I ragazzi avevano un aspetto più inquietante dell’automobile sprofondata nel fango fino all’asse. I ragazzi notarono che il «noi» a cui si era riferito mio marito erano i cinque bambini e la moglie nella macchina; suggerirono a mio marito di salire in macchina e di stare al volante mentre loro avrebbero spinto l’automobile. Il fango schizzò dalle ruote in ogni direzione, ricoprendo i ragazzi dalla testa ai piedi mentre spingevano la macchina sull’asfalto.

Mio marito tirò fuori del denaro dal portafoglio per pagare i giovani, ma questi rifiutarono e saltarono sul camion dicendo che erano felici di aiutare un fratello. Sparirono prima che potessimo ringraziarli nei dovuti modi. Mio marito, che si era aspettato il peggio, era sopraffatto dalla gratitudine. Soffermarsi all’aspetto fisico può impedire di vedere il cuore delle persone.

Molte volte, in momenti in cui avevamo temporaneamente dimenticato la bontà di fondo delle persone e giudicato inutilmente, abbiamo raccontato la storia di quando rimanemmo bloccati nel fango e fummo soccorsi. Gesù non si soffermava a quello che l’uomo era esteriormente, ma guardava al cuore delle persone quando si rivolgeva agli esattori delle tasse, perdonava i debitori e guariva i peccatori.

Una comunità compassionevole

Se i nostri figli imparano la tolleranza e l’accettazione, essi sentiranno la gioia che deriva dall’amare gli altri in modo cristiano. Una bambina di dieci anni, affetta dalla sindrome di Down e con difficoltà di parola, tentò di leggere un breve versetto durante il programma dei bambini per la riunione sacramentale. Mentre ella lottava con le parole, la sua sorellina di quattro anni le andò subito vicino e le sussurrò le parole all’orecchio. Le dirigenti della Primaria furono abbastanza delicate da non intervenire e lasciare avvenire la cosa naturalmente tra le due bambine. Mentre la bimba di dieci anni tornava al suo posto sul pulpito, molti bambini si complimentarono silenziosamente con lei toccandole la mano e sorridendole.

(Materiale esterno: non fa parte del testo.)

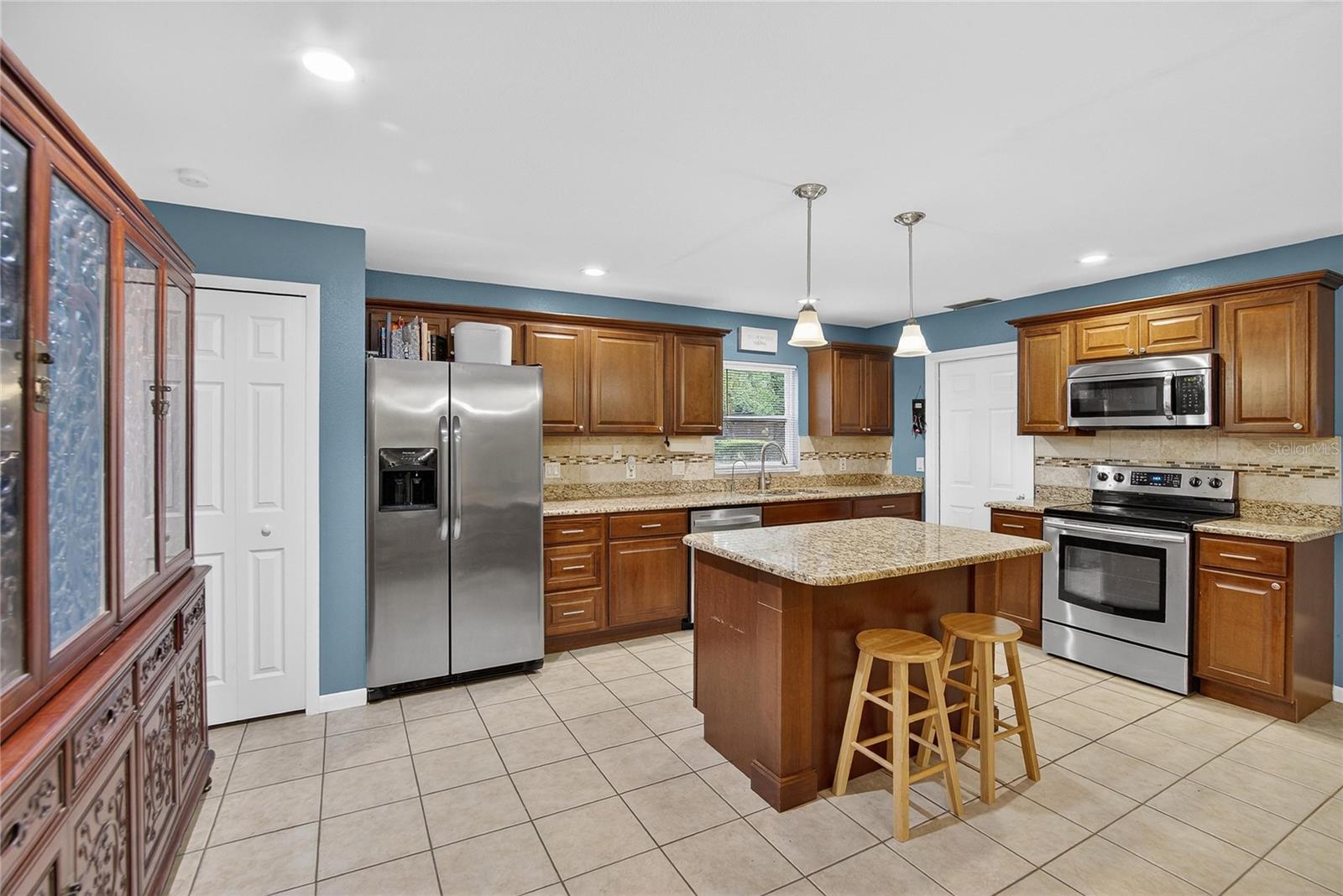 BRANDON VIEW ESTATES - Residential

Un’intera comunità di bambini compassionevoli avevano conosciuto la gioia descritta nell’inno della Primaria:

Disse: «Amatevi», Gesù,

«sia fra voi bontà».

Se il tuo cuore è pien d’amor

gioia avrai ognor.3

Note

  1. «Camminerò con te», Innario dei bambini, 78–79.

  2. Tratto da una intervista del 16 novembre 2002 al dottor Richard Ferre, specialista in psichiatria del bambino e dell’adolescente presso l’Ospedale dei bambini di Salt Lake City, nello Utah.

  3. «‹Amatevi›, disse Gesù», Innario dei bambini, 39.